Paulo Whitaker/Estadão
Paulo Whitaker/Estadão

Empresas da J&F tiveram acesso a regimes especiais de tributação em MG

No total, 107 vantagens foram oferecidas para empresas como a Vigor, a fabricante de produtos de higiene e limpeza Flora e o frigorífico JBS

Eduardo Laguna e Karin Sato, O Estado de S.Paulo

23 Junho 2017 | 16h16

Estudo feito ao Estadão/Broadcast por auditores fiscais mostra que, em Minas Gerais, foram analisados e concedidos 107 regimes especiais de tributação entre os anos de 2009 e 2015 a empresas do grupo J&F, dos irmãos Joesley e Wesley Batista. Esses regimes, alguns deles com vigência até 2020, beneficiam marcas da empresa de laticínios Vigor, a fabricante de produtos de higiene e limpeza Flora e o frigorífico JBS.

A estimativa de impacto de apenas quatro unidades - duas da JBS, uma da Seara e outra da Itambé - é de cerca de R$ 320 milhões no período de 2011 a 2017, segundo levantamento realizado pelo Sindicato dos Auditores Fiscais da Receita Estadual de Minas Gerais (Sindifisco-MG). O impacto apenas em 2014 das quatro unidades foi de aproximadamente R$ 59,1 milhões.

A denúncia contra o senador Aécio Neves, apresentada no início do mês pelo procurador-geral da República, Rodrigo Janot, acusa o tucano de usar o mandato no Senado a favor de interesses da JBS, o que inclui a liberação de créditos de ICMS pelo governo mineiro.

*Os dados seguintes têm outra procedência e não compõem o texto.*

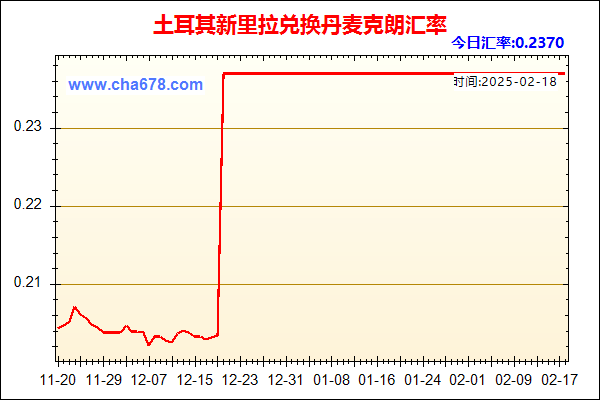 土耳其新里拉兑人民币汇率走势图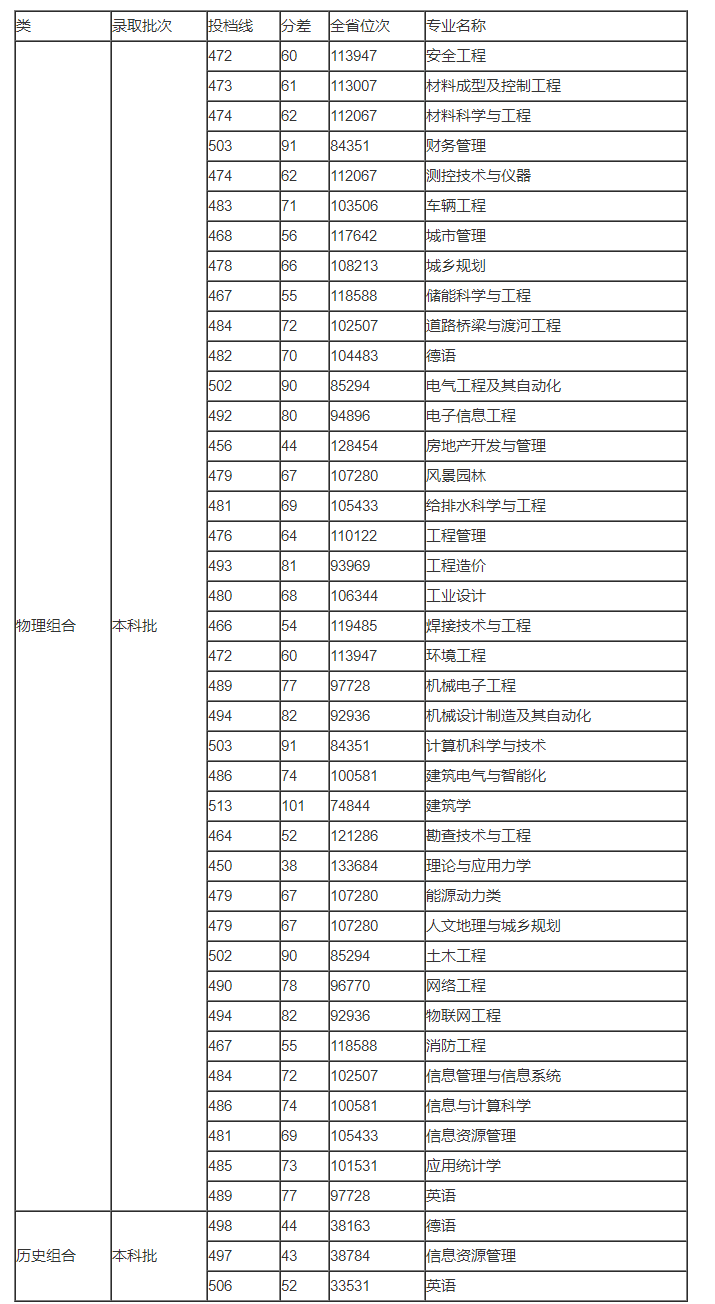 贵州药材APP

Procurado, o Ministério Público do Estado de Minas Gerais enviou a seguinte resposta: "Em relação a denúncias sobre eventuais fraudes relativas a créditos tributários envolvendo Aécio Neves, elas referem-se ao período em que ele já ocupava o cargo de senador, estando, portanto, as investigações a cargo do Ministério Público Federal. O Ministério Público de Minas Gerais poderá avaliar o material para possíveis investigações em âmbito estadual e, se for o caso solicitar informações".

Aécio Neves já havia afirmado que, quando era governador de Minas Gerais, não concedeu qualquer benefício fiscal especial à JBS e que chegou a autuar o frigorífico por recolhimento indevido do Imposto sobre Circulação de Mercadorias e Serviços (ICMS) entre 2008 e 2010.

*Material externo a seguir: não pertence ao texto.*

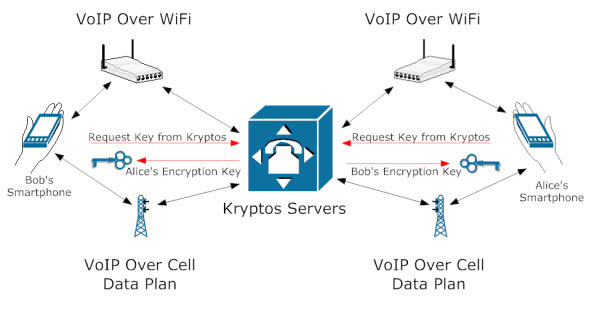 طريقة kryptos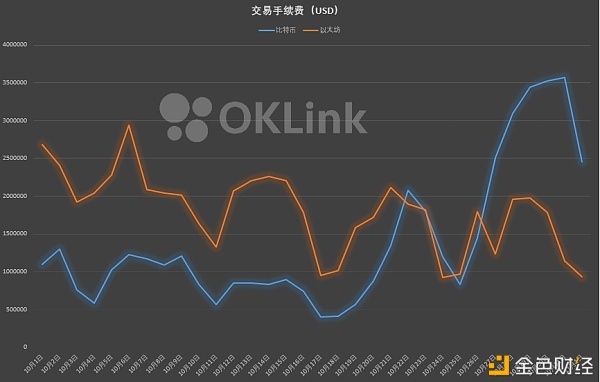 欧科云链OKLink链上周报：比特币算力骤降 手续费暴涨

Retaliação. Em meio a esse imbróglio, fonte próxima à JBS diz que a empresa está sendo alvo de retaliação em Mato Grosso do Sul, em função da colaboração de seus executivos com as autoridades. Existe uma ameaça de corte de incentivos fiscais à empresa, disse a fonte.

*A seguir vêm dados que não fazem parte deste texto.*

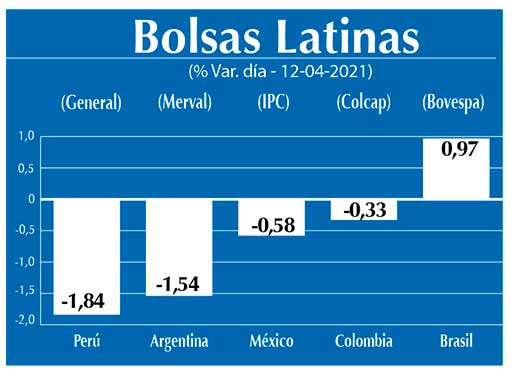 Bolsas Latinas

Nas delações dos irmãos Joesley e Wesley Batista, o ex-governador sul-mato-grossense Zeca do PT é acusado de ter negociado, em 2003, propina no valor de 20% sobre qualquer benefício fiscal. João Baerts seria o intermediário que atuava em nome do então governador, enquanto Valdir Boni representava a empresa de alimentos. Conforme as acusações, Zeca recebeu R$ 3 milhões da empresa para campanha eleitoral.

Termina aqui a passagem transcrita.